YOUR GOAL: All the entries, exactly as they read, must be written out again.

DATA:

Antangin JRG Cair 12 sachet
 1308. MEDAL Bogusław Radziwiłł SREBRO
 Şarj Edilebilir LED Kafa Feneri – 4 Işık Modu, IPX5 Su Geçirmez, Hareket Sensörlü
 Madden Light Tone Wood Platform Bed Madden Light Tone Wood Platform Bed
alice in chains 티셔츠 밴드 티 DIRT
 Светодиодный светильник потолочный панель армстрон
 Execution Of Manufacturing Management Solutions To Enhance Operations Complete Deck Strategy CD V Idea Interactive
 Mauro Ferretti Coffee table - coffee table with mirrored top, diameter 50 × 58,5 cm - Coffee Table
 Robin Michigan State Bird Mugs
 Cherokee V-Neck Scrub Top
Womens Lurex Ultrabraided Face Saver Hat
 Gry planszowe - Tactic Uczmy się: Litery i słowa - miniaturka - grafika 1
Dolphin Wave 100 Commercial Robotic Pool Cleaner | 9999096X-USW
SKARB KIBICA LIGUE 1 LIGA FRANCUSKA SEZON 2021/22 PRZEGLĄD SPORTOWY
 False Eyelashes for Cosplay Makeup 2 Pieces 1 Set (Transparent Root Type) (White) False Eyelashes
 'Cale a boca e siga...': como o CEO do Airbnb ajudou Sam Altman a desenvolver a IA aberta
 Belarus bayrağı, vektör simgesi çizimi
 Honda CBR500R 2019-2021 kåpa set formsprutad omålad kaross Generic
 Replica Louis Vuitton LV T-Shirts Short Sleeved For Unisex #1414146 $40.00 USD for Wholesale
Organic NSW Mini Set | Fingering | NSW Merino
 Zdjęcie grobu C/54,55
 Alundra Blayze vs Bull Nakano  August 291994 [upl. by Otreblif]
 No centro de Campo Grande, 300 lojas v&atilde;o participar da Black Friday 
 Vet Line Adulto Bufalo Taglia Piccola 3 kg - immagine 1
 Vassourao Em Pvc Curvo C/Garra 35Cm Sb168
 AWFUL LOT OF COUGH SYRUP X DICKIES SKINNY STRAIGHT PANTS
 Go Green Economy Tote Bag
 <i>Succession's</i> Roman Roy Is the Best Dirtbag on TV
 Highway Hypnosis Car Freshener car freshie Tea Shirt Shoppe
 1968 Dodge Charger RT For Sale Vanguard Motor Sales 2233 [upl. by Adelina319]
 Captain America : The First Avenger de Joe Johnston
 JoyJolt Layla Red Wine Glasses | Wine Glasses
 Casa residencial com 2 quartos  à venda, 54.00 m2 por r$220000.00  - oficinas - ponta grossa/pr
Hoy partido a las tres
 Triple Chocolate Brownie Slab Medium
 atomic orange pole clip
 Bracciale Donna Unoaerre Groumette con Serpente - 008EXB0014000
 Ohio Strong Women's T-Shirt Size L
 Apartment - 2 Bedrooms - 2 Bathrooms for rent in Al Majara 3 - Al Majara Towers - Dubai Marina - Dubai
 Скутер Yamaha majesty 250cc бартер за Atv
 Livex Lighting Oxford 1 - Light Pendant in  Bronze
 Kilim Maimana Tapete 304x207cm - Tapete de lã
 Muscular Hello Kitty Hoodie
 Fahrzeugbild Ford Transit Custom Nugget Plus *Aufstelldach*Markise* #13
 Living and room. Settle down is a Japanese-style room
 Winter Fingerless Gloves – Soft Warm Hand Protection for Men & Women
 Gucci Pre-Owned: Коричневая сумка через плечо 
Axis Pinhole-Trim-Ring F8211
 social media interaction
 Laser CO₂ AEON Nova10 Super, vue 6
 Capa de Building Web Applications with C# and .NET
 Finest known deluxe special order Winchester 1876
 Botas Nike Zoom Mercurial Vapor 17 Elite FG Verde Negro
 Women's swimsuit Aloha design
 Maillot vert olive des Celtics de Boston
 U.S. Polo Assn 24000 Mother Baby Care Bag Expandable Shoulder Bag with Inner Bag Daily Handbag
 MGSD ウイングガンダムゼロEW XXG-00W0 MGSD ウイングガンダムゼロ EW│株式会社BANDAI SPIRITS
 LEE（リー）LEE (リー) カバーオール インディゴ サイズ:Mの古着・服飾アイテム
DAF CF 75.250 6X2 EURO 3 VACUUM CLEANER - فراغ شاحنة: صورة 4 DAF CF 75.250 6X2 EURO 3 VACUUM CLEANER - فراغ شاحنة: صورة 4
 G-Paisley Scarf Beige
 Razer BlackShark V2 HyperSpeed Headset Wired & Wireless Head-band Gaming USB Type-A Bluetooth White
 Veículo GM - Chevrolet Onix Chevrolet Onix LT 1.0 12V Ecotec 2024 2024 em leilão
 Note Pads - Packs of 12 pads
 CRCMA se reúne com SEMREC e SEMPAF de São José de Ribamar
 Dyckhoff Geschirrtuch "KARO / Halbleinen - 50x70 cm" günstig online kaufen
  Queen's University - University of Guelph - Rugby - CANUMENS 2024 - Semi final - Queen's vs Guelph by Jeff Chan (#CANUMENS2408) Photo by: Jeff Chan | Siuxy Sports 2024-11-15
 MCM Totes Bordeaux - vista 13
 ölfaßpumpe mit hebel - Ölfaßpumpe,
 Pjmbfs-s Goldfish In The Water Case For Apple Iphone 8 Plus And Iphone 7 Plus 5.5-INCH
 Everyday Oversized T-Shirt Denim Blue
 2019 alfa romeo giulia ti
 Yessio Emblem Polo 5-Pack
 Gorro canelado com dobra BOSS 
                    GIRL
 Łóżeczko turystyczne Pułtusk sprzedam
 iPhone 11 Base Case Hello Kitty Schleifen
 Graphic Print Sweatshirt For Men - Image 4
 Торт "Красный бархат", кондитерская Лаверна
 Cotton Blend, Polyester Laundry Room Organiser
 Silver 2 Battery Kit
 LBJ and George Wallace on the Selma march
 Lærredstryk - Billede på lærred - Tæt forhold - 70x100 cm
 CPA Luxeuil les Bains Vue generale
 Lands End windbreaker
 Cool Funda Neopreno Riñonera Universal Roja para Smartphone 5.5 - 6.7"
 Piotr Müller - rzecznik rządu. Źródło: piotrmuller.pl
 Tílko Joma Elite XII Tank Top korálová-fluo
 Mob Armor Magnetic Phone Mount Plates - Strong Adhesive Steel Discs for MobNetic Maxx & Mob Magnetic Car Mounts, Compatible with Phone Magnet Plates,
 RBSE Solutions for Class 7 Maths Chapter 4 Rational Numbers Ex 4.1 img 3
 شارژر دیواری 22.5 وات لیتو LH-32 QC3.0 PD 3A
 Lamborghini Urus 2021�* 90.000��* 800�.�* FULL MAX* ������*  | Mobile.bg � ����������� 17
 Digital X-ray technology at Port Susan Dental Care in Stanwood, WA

YOUR RESPONSE:
Antangin JRG Cair 12 sachet
 1308. MEDAL Bogusław Radziwiłł SREBRO
 Şarj Edilebilir LED Kafa Feneri – 4 Işık Modu, IPX5 Su Geçirmez, Hareket Sensörlü
 Madden Light Tone Wood Platform Bed Madden Light Tone Wood Platform Bed
alice in chains 티셔츠 밴드 티 DIRT
 Светодиодный светильник потолочный панель армстрон
 Execution Of Manufacturing Management Solutions To Enhance Operations Complete Deck Strategy CD V Idea Interactive
 Mauro Ferretti Coffee table - coffee table with mirrored top, diameter 50 × 58,5 cm - Coffee Table
 Robin Michigan State Bird Mugs
 Cherokee V-Neck Scrub Top
Womens Lurex Ultrabraided Face Saver Hat
 Gry planszowe - Tactic Uczmy się: Litery i słowa - miniaturka - grafika 1
Dolphin Wave 100 Commercial Robotic Pool Cleaner | 9999096X-USW
SKARB KIBICA LIGUE 1 LIGA FRANCUSKA SEZON 2021/22 PRZEGLĄD SPORTOWY
 False Eyelashes for Cosplay Makeup 2 Pieces 1 Set (Transparent Root Type) (White) False Eyelashes
 'Cale a boca e siga...': como o CEO do Airbnb ajudou Sam Altman a desenvolver a IA aberta
 Belarus bayrağı, vektör simgesi çizimi
 Honda CBR500R 2019-2021 kåpa set formsprutad omålad kaross Generic
 Replica Louis Vuitton LV T-Shirts Short Sleeved For Unisex #1414146 $40.00 USD for Wholesale
Organic NSW Mini Set | Fingering | NSW Merino
 Zdjęcie grobu C/54,55
 Alundra Blayze vs Bull Nakano  August 291994 [upl. by Otreblif]
 No centro de Campo Grande, 300 lojas v&atilde;o participar da Black Friday 
 Vet Line Adulto Bufalo Taglia Piccola 3 kg - immagine 1
 Vassourao Em Pvc Curvo C/Garra 35Cm Sb168
 AWFUL LOT OF COUGH SYRUP X DICKIES SKINNY STRAIGHT PANTS
 Go Green Economy Tote Bag
 <i>Succession's</i> Roman Roy Is the Best Dirtbag on TV
 Highway Hypnosis Car Freshener car freshie Tea Shirt Shoppe
 1968 Dodge Charger RT For Sale Vanguard Motor Sales 2233 [upl. by Adelina319]
 Captain America : The First Avenger de Joe Johnston
 JoyJolt Layla Red Wine Glasses | Wine Glasses
 Casa residencial com 2 quartos  à venda, 54.00 m2 por r$220000.00  - oficinas - ponta grossa/pr
Hoy partido a las tres
 Triple Chocolate Brownie Slab Medium
 atomic orange pole clip
 Bracciale Donna Unoaerre Groumette con Serpente - 008EXB0014000
 Ohio Strong Women's T-Shirt Size L
 Apartment - 2 Bedrooms - 2 Bathrooms for rent in Al Majara 3 - Al Majara Towers - Dubai Marina - Dubai
 Скутер Yamaha majesty 250cc бартер за Atv
 Livex Lighting Oxford 1 - Light Pendant in  Bronze
 Kilim Maimana Tapete 304x207cm - Tapete de lã
 Muscular Hello Kitty Hoodie
 Fahrzeugbild Ford Transit Custom Nugget Plus *Aufstelldach*Markise* #13
 Living and room. Settle down is a Japanese-style room
 Winter Fingerless Gloves – Soft Warm Hand Protection for Men & Women
 Gucci Pre-Owned: Коричневая сумка через плечо 
Axis Pinhole-Trim-Ring F8211
 social media interaction
 Laser CO₂ AEON Nova10 Super, vue 6
 Capa de Building Web Applications with C# and .NET
 Finest known deluxe special order Winchester 1876
 Botas Nike Zoom Mercurial Vapor 17 Elite FG Verde Negro
 Women's swimsuit Aloha design
 Maillot vert olive des Celtics de Boston
 U.S. Polo Assn 24000 Mother Baby Care Bag Expandable Shoulder Bag with Inner Bag Daily Handbag
 MGSD ウイングガンダムゼロEW XXG-00W0 MGSD ウイングガンダムゼロ EW│株式会社BANDAI SPIRITS
 LEE（リー）LEE (リー) カバーオール インディゴ サイズ:Mの古着・服飾アイテム
DAF CF 75.250 6X2 EURO 3 VACUUM CLEANER - فراغ شاحنة: صورة 4 DAF CF 75.250 6X2 EURO 3 VACUUM CLEANER - فراغ شاحنة: صورة 4
 G-Paisley Scarf Beige
 Razer BlackShark V2 HyperSpeed Headset Wired & Wireless Head-band Gaming USB Type-A Bluetooth White
 Veículo GM - Chevrolet Onix Chevrolet Onix LT 1.0 12V Ecotec 2024 2024 em leilão
 Note Pads - Packs of 12 pads
 CRCMA se reúne com SEMREC e SEMPAF de São José de Ribamar
 Dyckhoff Geschirrtuch "KARO / Halbleinen - 50x70 cm" günstig online kaufen
  Queen's University - University of Guelph - Rugby - CANUMENS 2024 - Semi final - Queen's vs Guelph by Jeff Chan (#CANUMENS2408) Photo by: Jeff Chan | Siuxy Sports 2024-11-15
 MCM Totes Bordeaux - vista 13
 ölfaßpumpe mit hebel - Ölfaßpumpe,
 Pjmbfs-s Goldfish In The Water Case For Apple Iphone 8 Plus And Iphone 7 Plus 5.5-INCH
 Everyday Oversized T-Shirt Denim Blue
 2019 alfa romeo giulia ti
 Yessio Emblem Polo 5-Pack
 Gorro canelado com dobra BOSS 
                    GIRL
 Łóżeczko turystyczne Pułtusk sprzedam
 iPhone 11 Base Case Hello Kitty Schleifen
 Graphic Print Sweatshirt For Men - Image 4
 Торт "Красный бархат", кондитерская Лаверна
 Cotton Blend, Polyester Laundry Room Organiser
 Silver 2 Battery Kit
 LBJ and George Wallace on the Selma march
 Lærredstryk - Billede på lærred - Tæt forhold - 70x100 cm
 CPA Luxeuil les Bains Vue generale
 Lands End windbreaker
 Cool Funda Neopreno Riñonera Universal Roja para Smartphone 5.5 - 6.7"
 Piotr Müller - rzecznik rządu. Źródło: piotrmuller.pl
 Tílko Joma Elite XII Tank Top korálová-fluo
 Mob Armor Magnetic Phone Mount Plates - Strong Adhesive Steel Discs for MobNetic Maxx & Mob Magnetic Car Mounts, Compatible with Phone Magnet Plates,
 RBSE Solutions for Class 7 Maths Chapter 4 Rational Numbers Ex 4.1 img 3
 شارژر دیواری 22.5 وات لیتو LH-32 QC3.0 PD 3A
 Lamborghini Urus 2021�* 90.000��* 800�.�* FULL MAX* ������*  | Mobile.bg � ����������� 17
 Digital X-ray technology at Port Susan Dental Care in Stanwood, WA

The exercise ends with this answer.